18) [line 6] LEKUCHOS - buyers

Rebbi Yochanan and Reish Lakish argue (in Bava Basra 136a) as to whether buying fruits that will be produced (e.g. the fruits of a tree or the slaves to which a maidservant will give birth) gives the owner of the fruits a certain amount of Halachic ownership in the object that bore the fruits. In the case introduced in our Gemara of the mother of Rav Shmuel bar Aba who have her property to her son, if Kinyan Peiros *is* k'Kinyan ha'Guf, then her transaction was ineffective, because her husband has the Kinyan Peiros of her property and thus it is considered that he also has the Kinyan ha'Guf.

20) [line 44] MISHUM D'RA'UY L'YORSHO HU - because he is fit to inherit him.
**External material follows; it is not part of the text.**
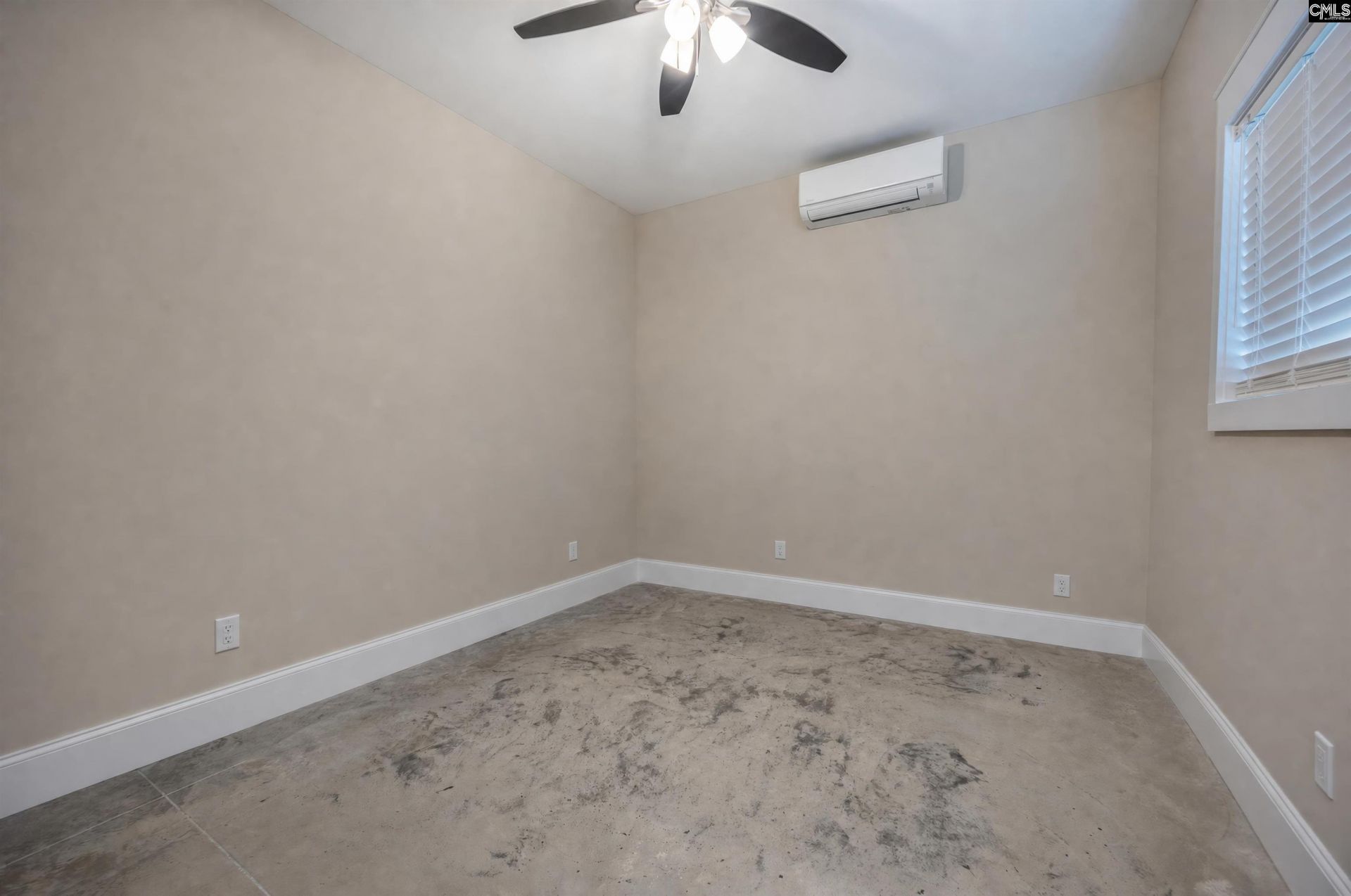 2468 N Lake Drive  Photo 37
That is, since the son will inherit the property of his father anyway (even without his father giving it to him as a gift), it must be that the father's intention in giving his son the property during his lifetime is to give his son not only the Peiros, but also to give him the right to sell the Guf.

21) [line 45] YARIS - inherits
22) [line 46] L'AVRUCHINHU L'NICHSEI MI'BREI KA ASI - his intention is to get his property away from his [other] sons

23) [line 47] TAKANAS USHA - the ordinance enacted by the Beis Din (Sanhedrin) of Usha, a city in the western part of the lower Galilee. It was one of the ten places to which the Sanhedrin was exiled at the time of the destruction of the Second Beis ha'Mikdash. As our Gemara explains, the Beis Din of Usha enacted that if a woman sells her Nichsei Milug during the lifetime of her husband and then she dies before her husband, her husband may expropriate the property from the buyers.